◆ **Instructions for the task**:
Print the records again, matching each line exactly.

── Exercise data ──

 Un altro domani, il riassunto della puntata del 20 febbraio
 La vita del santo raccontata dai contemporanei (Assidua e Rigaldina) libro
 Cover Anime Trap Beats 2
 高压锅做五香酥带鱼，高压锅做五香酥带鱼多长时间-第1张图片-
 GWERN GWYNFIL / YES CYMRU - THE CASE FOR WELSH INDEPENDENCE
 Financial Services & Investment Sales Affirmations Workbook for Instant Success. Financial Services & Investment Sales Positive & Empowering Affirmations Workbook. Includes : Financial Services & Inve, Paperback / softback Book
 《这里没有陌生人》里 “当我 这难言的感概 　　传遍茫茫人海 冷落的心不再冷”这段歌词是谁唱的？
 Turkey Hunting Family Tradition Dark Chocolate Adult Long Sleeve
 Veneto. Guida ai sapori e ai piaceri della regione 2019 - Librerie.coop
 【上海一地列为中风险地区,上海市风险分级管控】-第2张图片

───

◆ **Response area**:
 Un altro domani, il riassunto della puntata del 20 febbraio
 La vita del santo raccontata dai contemporanei (Assidua e Rigaldina) libro
 Cover Anime Trap Beats 2
 高压锅做五香酥带鱼，高压锅做五香酥带鱼多长时间-第1张图片-
 GWERN GWYNFIL / YES CYMRU - THE CASE FOR WELSH INDEPENDENCE
 Financial Services & Investment Sales Affirmations Workbook for Instant Success. Financial Services & Investment Sales Positive & Empowering Affirmations Workbook. Includes : Financial Services & Inve, Paperback / softback Book
 《这里没有陌生人》里 “当我 这难言的感概 　　传遍茫茫人海 冷落的心不再冷”这段歌词是谁唱的？
 Turkey Hunting Family Tradition Dark Chocolate Adult Long Sleeve
 Veneto. Guida ai sapori e ai piaceri della regione 2019 - Librerie.coop
 【上海一地列为中风险地区,上海市风险分级管控】-第2张图片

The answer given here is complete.